Understanding Insurance Issues For Eating Disorders

Navigating an insurance billing for eating disorders can be a nuisance if you do not know what to do or where to “touch.”  One of the main obstacles to treatment for individuals with eating abnormalities is the cost of the treatment.  Some residential treatment centers can cost up to $30,000 a month! This makes getting insurance reimbursement for people needing help with eating disorders very critical.

Now, while studies show that early diagnosis and evidence-based medical care approach are both critical for recovery, insurance regulations and guidelines in most cases make it almost impossible to receive the appropriate care needed. The treating clinical professionals 

So, if you or your loved one is faced with this type of condition, where do you start? Sadly, these challenges sometimes include determining how to analyze your insurance plans to understand the treatment coverage that is ideal for you. Here are some aspects that you should know about insurance billing for disorders:

What type of eating disorders are covered by your insurance?

Many insurances have eating disorders cover benefits that technically cover these eating disorder diagnoses:

  • Binge eating disorder
  • Anorexia nervosa
  • Bulimia Nervosa
  • Avoidant/ restrictive intake disorder
  • Any other specified eating or feeding disorder.

What will be deducted, and how much is it?

In most cases, once you make a phone call to the company, the admission department or the respective department will check your benefits. After the confirmation, you will be informed of any deductible that you are supposed to pay out of your pocket. This is usually the amount you are supposed to pay before an insurance company covers a claim. The specific amount sometimes varies depending on the insurance company as well as the plan.

For instance, if your deductible is $ 500 and treatment is billed at $ 250 daily, you would be responsible for covering the initial two days on your own. After you make the payments or meet the deductible, the insurance firm will cover the expenses 100 %. Some firms require policyholders to pay co-insurance. This is where you are responsible for paying a certain percentage of the entire insurance billing for eating disorders. This can range from 10 to 50 %.

What level of care is paid for?

In most cases, the level of care that insurance companies approve for is individual outpatient therapy. The best level, however, of behavioral healthcare is inpatient, then residential care, PHP (Partial Hospital program (PHP), and finally the IOP (intensive outpatient program).  Note that, for you to access any of the above treatments, you must

  • Have benefits under your plan for these levels of healthcare
  • Meet the necessity, which is evaluated by the severity of symptoms, current weight, vital signs, and blood work results.

How long will the cover last?

This will depend on various factors. Has your condition improved? Is it deteriorating? Most insurances state in their “insurance billing for eating disorders” policy that you have unlimited days depending on medical necessity. Once you stop meeting the level of care required for a certain program, you will have to step down for a less intensive level of care.

For instance, you can be admitted into a residential program once you stabilize and no longer need critical care or you do not meet the clinical or medical criteria.
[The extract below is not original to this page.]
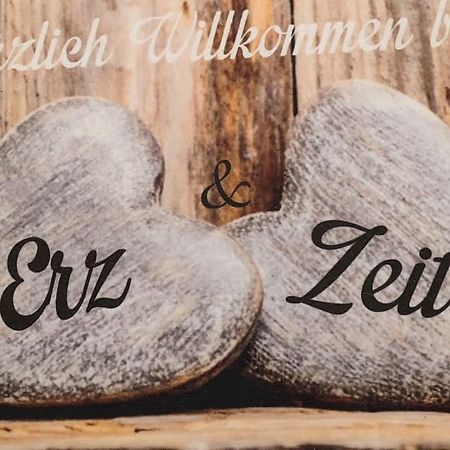 Fewo Erz-Zeit Annaberg-Buchholz Exterior photo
Similarly, if you do not improve in that care, and your condition is worsening, you will be admitted to a better level of care, such as inpatient.
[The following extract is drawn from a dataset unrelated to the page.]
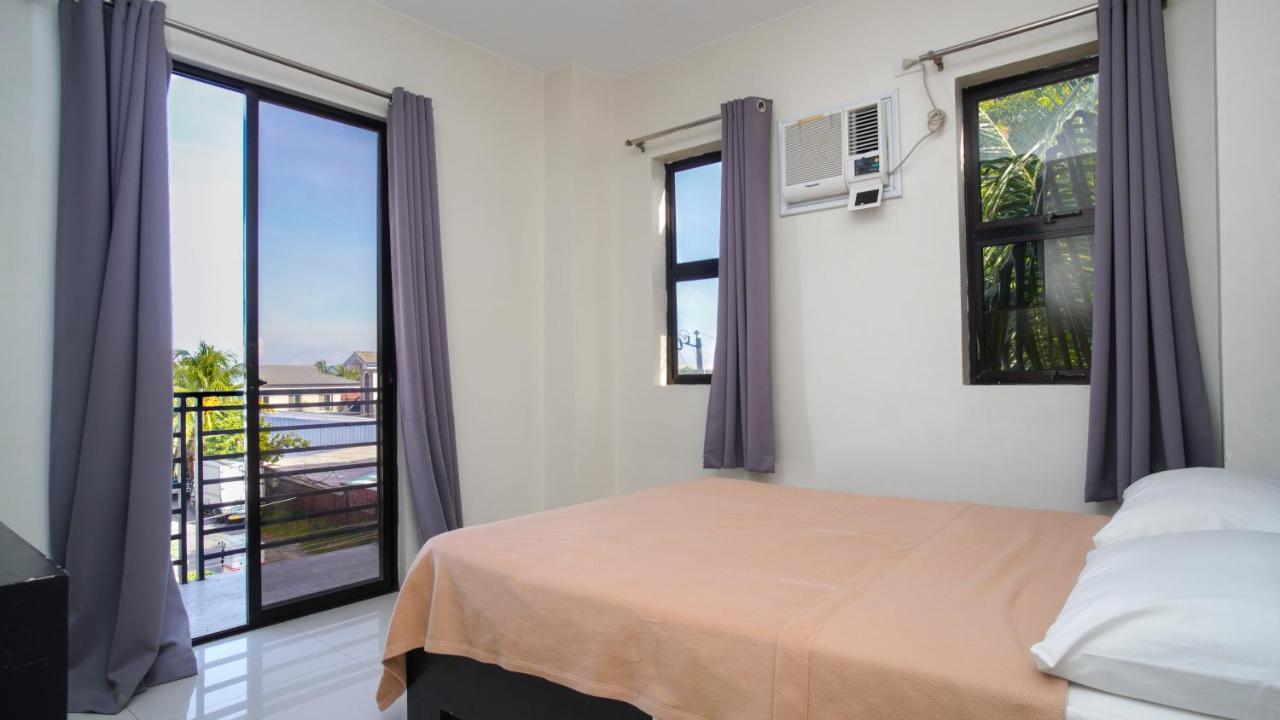 Garden Vista Hotel Davao City Екстериор снимка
What if my insurance does not cover eating disorders?

There are a few things you can do depending on your personal and financial circumstances:

  • Switch plans; This should be pretty straightforward for anybody whose current plan does not cover eating disorders. Not all insurance companies offer this, but some reliable ones do it as a reprieve for members from a high-cost treatment.
  • Some non-profit organizations now partner with various treatment centers to provide financial help to those who cannot afford life-saving treatments. Look for one and ask for help.

It is important to understand these factors so that you can advocate to receive the right treatment. You are capable and strong enough to mastermind your future.